_DATASET SECTION_:
-*-

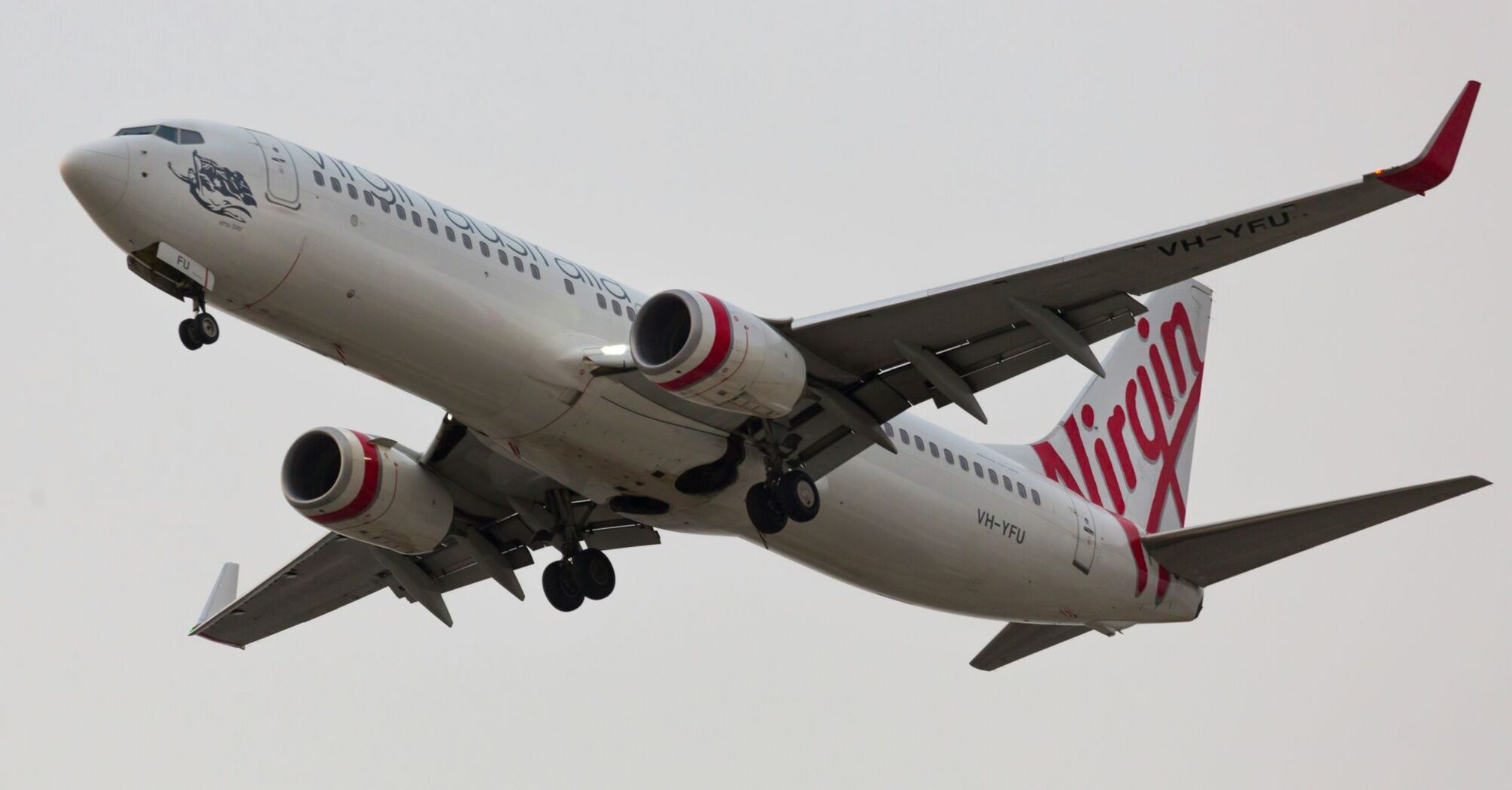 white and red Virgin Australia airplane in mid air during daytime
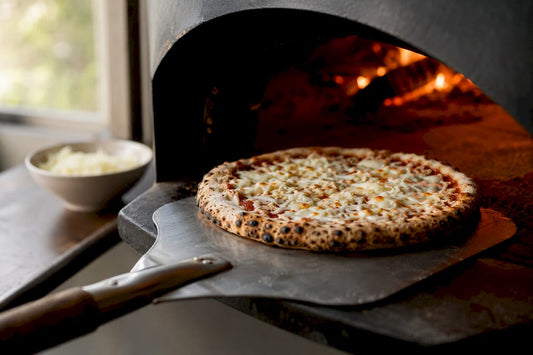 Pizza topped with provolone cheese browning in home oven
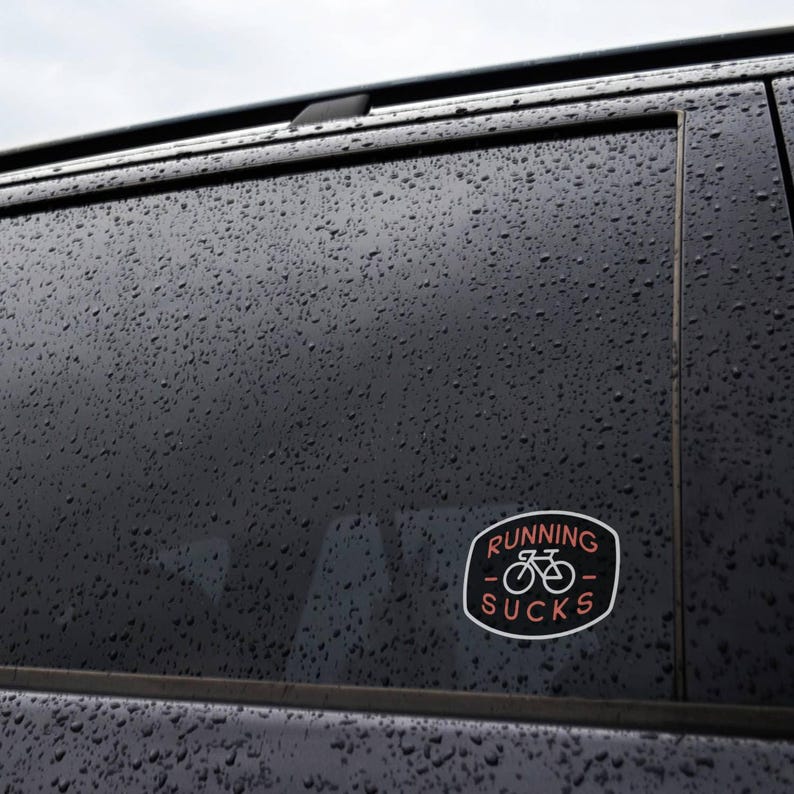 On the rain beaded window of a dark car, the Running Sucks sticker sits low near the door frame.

-*-

The lines to be extracted begin at the line containing "Pizza topped with" and continue through the final line of the material above, both ends included. Reproduce them exactly, without the pictures.

 Pizza topped with provolone cheese browning in home oven
 On the rain beaded window of a dark car, the Running Sucks sticker sits low near the door frame.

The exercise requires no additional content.